Earlier in the year, our own Dr Frank Lin travelled to Stuttgart, Germany, to attend the 25th Stuttgart Advanced Course for Functional and Aesthetic Rhinoplasty, a Rhinoplasty Cadaver Course and the 2nd Stuttgart Symposium on Nose Reconstruction.
The course speaker, Prof. Dr. med. Dr. h.c. Wolfgang Gubisch, invited selected surgeons of international reputation with whom to discuss his surgical philosophy. Focusing on live cases and open demonstrations, the course was an exploration of one of the most popular surgical procedures that demands the highest level of surgical expertise. The nose is a distinctive feature that has a significant effect on the overall aesthetic impression of the face.

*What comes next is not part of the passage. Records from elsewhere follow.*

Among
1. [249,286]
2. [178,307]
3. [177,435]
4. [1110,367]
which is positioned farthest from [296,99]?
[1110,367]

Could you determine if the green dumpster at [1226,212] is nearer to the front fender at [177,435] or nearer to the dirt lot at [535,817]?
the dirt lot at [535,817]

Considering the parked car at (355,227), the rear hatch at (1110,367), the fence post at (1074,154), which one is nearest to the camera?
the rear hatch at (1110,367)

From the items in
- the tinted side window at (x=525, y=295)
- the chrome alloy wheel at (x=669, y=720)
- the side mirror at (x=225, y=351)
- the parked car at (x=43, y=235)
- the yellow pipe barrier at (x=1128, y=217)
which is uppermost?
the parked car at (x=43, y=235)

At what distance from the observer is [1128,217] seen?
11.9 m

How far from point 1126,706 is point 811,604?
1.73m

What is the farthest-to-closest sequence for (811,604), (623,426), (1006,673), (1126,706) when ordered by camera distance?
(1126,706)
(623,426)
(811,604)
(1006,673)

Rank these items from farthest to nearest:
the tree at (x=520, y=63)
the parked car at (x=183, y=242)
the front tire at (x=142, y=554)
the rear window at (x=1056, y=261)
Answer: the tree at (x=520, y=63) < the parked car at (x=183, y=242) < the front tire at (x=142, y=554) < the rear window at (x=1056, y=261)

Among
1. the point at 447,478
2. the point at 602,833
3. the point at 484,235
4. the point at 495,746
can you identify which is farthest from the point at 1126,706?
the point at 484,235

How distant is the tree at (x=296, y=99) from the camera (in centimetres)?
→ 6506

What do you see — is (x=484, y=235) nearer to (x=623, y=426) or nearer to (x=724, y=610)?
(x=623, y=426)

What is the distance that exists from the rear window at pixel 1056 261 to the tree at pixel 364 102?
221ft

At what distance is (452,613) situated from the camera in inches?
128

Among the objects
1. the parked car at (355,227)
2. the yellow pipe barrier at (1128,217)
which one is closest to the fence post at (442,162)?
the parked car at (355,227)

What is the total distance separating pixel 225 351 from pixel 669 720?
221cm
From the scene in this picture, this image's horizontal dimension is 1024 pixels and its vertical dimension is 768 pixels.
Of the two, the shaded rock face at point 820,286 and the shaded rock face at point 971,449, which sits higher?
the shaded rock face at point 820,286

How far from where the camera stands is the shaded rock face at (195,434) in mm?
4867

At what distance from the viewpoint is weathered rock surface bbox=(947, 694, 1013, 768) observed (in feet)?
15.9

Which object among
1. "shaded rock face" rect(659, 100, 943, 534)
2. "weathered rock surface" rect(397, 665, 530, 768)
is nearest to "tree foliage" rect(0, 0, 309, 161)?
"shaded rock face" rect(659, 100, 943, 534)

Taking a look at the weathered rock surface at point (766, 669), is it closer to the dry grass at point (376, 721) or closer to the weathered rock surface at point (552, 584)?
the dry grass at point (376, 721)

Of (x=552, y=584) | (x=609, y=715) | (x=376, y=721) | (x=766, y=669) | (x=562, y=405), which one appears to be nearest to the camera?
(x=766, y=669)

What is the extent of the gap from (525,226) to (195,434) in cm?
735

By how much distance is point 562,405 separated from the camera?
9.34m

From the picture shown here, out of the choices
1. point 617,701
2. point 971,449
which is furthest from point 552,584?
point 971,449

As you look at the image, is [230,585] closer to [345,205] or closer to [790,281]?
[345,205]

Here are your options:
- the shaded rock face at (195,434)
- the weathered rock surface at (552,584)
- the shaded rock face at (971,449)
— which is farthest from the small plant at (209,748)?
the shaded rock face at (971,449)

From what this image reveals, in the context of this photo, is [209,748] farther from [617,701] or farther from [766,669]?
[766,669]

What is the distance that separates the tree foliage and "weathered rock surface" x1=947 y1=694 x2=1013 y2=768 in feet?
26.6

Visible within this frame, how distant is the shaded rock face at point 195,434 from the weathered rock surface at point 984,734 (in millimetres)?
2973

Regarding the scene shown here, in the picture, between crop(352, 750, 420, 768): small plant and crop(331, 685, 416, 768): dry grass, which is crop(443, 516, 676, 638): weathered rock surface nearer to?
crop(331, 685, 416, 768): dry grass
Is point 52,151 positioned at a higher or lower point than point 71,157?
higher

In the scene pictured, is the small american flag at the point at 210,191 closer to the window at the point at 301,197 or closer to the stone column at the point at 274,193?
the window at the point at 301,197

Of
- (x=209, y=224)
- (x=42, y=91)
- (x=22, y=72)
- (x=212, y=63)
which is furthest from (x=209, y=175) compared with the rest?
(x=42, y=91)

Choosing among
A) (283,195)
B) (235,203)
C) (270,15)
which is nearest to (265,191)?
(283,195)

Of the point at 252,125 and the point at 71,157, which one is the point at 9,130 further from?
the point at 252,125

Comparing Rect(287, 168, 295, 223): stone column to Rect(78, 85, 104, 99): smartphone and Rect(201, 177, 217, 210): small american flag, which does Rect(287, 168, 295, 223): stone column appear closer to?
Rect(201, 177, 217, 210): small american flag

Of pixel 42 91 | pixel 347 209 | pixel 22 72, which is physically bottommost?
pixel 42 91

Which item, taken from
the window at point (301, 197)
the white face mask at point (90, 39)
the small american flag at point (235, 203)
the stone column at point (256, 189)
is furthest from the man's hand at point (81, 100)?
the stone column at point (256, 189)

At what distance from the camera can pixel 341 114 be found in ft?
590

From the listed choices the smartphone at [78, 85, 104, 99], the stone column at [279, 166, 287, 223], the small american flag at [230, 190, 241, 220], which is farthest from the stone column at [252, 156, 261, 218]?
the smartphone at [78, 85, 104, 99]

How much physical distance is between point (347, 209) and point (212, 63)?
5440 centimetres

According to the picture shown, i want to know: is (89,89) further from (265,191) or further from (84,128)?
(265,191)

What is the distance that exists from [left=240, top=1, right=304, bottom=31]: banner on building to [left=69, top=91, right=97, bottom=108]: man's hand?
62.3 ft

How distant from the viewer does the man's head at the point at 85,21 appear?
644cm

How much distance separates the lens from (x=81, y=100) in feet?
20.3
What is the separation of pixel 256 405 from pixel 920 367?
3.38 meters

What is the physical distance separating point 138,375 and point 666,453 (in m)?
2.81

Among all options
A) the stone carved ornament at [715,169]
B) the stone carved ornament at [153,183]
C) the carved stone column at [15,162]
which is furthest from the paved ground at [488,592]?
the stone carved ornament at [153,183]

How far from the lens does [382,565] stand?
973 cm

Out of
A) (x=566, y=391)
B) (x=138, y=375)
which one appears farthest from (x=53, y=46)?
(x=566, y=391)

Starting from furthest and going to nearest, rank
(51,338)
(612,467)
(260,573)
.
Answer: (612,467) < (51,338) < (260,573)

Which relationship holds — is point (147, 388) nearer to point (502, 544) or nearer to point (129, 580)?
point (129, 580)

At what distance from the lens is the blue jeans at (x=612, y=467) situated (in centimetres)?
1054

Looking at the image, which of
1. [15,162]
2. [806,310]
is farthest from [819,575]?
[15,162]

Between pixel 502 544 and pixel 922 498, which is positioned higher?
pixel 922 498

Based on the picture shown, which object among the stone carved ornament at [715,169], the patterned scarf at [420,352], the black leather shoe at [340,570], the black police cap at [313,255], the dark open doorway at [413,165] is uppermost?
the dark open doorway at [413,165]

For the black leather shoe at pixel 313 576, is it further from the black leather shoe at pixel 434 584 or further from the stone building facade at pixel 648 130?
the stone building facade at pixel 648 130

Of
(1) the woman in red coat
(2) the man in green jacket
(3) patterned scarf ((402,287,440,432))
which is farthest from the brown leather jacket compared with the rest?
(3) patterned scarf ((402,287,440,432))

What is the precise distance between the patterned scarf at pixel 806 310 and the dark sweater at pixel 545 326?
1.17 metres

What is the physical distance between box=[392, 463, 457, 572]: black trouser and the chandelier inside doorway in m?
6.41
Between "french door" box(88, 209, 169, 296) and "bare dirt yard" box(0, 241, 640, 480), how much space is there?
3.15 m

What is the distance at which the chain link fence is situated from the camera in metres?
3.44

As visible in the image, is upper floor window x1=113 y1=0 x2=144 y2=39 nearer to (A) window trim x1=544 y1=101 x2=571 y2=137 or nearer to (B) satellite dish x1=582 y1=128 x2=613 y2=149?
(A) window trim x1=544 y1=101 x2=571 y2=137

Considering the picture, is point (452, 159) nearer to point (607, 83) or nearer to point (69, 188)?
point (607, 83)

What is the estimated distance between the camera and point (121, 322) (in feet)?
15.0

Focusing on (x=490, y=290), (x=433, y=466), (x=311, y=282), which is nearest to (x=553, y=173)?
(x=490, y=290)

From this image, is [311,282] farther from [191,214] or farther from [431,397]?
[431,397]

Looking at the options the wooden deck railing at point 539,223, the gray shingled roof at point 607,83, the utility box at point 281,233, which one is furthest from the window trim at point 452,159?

Nose reconstruction is recognised as the most challenging field of Facial Reconstructive Plastic Surgery, and the development of techniques is constantly progressing. One of the primary objectives of the course was to update international surgeons on new procedural techniques in rhinoplasty. The course included lectures, interactive video presentations, panel discussions and live surgical demonstrations.
The main focus of the event was surgical demonstration, with guests given the opportunity to increase their knowledge of rhinoplasty during live surgical courses. Challenging rhinoplasty cases were demonstrated, including several featuring patients seeking revision surgery after failed procedures. Emphasis was put on the importance of undertaking a detailed analysis before each operation, ensuring that an appropriate technique is selected for each case to achieve the best result.
The Anatomy of the Nose
The outside of the nose is divided into three sections, while the inside of the nose contains the nasal septum. The upper section of the nose is formed by the nasal and cheek bones, and the middle third is made of cartilage – stiff down the bridge of the nose and softer at the sides. The lower third is comprised of the right and left lower cartilages, which are shaped like wings and arch over the nostrils.
The nasal septum is contained inside the nose. It is a wall that separates the two sides of the nose and is made of thin cartilage and bone, covered by a mucous membrane.
Different Types of Rhinoplasty
Cosmetic rhinoplasty refers to surgery that focuses on the aesthetic appearance of the nose, while the main goal of functional rhinoplasty is to restore the ability to breathe through the nose. However, a good nasal surgery should optimise both appearance and nasal breathing.
In a “closed” rhinoplasty, all surgical incisions are hidden within the nostril, avoiding a potentially visible scar. This process also limits the surgical exposure, however, which means that it would be difficult to utilise many of the complex surgical techniques popular today.
“Open” rhinoplasty allows for direct visualisation of the nasal skeleton, allowing the surgeon to modify the skeletal framework without interference from the overlying tissue. While the incision resulting from this type of surgery is initially visible, the scar often completely fades in the months following surgery. For many people considering undergoing nasal surgery, there are more advantages to be gained by the open approach that outweigh the risk of a columellar scar.
Dr Lin specialises in Asian rhinoplasty, cosmetic nose surgery which specifically addresses features common amongst people of Asian heritage. During these surgeries, more height may be added to the nose, or the nose may be narrowed and a sharper tip created.